Stonehenge takes an Autumn trek
I’ve just returned from a very lovely trek with my new best friend Evie. Evie visited the farm with her mother and sister and after they had met all the boys, Carnac, Kilpeck, Rollright and I showed our guests how to put our halters on. Putting a llama halter on is pretty easy really, and we bend our necks so our guests may fit the halter over the front of our velvety snouts.
Once this was done, our lead ropes were tied to railings and Evie and her family groomed us all. When you haven’t been sheared – after all, Carnac, Kilpeck and I are all pretty young and haven’t had our coats taken off us yet – brushes can pull our lovely fibre which is never nice. Our male person handed out our soft brushes. These are so gentle that the bristles glide over the top. We all have such soft coats that alternately grooming with a brush and smoothing the hand over us is great. We’re pretty amenable really.
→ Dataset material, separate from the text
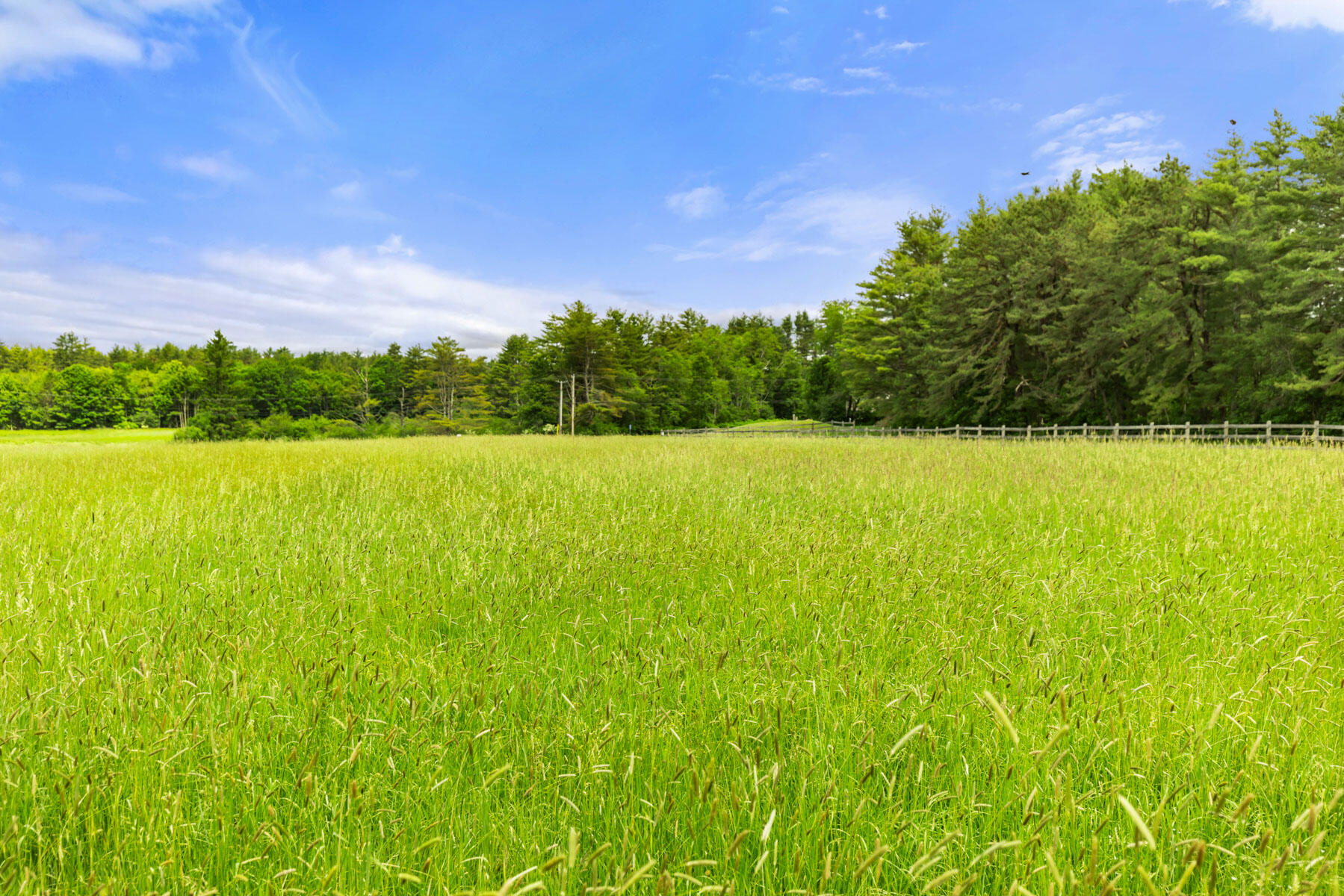 50 Pond Road South Berwick, ME 03908 - Photo 39 of 63 39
Older brother Rollright led us off with our male person, and Carnac followed behind. I was third and clever little Kilpeck brought up the rear. Our people say they have never had a young llama so confident he can walk at the back of a trek, but Kilpeck is such a smart fellow that he is so confident and is happy at the back.
People are always surprised at what we find interesting or perhaps a little scary, and on this walk it was Carnac who stopped on the trail and questioned the presence of a small bag that was blowing around in front of us. My older brother Rollright demonstrated there was really nothing to worry about and marched past the bag, but it took Carnac a little while to pluck up the courage to breeze by. Rollright has admitted that he used to be a bit of a scaredy-cat when it came to new things, and the bag would have made him think twice a few years back. He said we would all gain confidence the more we went out and he is right. This was Kilpeck’s forth trip up to the Common and nothing seems to scare him.
A dry day helps, and the walk to the Common was terrific. As usual, we met people on the way, and Evie would tell me to ‘Stand’ when we needed to stop. We trooped up the hill to the Common. Gorgeous as ever, the autumn colours were so pretty our new best friends were enchanted by the views. Evie stroked my neck – always fine with me – and I leant into her, to show that she could continue.
Rollright said it was time to turn for home and then speeded up as he was keen to see Moai and Stanton Drew back on the farm. Kilpeck’s little legs meant he was quite tired at the end. We were all really happy to have some fresh grass and bramble to munch when we got back. There is always cereal reward for us too and just the four of us had mix which made Ringsbury and the rest of the gang feel they were missing out. But, ‘You Snooze, You Lose’ is the motto for non-trekkers, so Carnac, Kilpeck, Rollright and I were each given a large dipper of food. Evie fed me and I gently nibbled away. Lovely grub.
All too soon it was time for our friends to leave, but I think we might be seeing them again next year. People-trekking really is one of the most fun things a llama can do.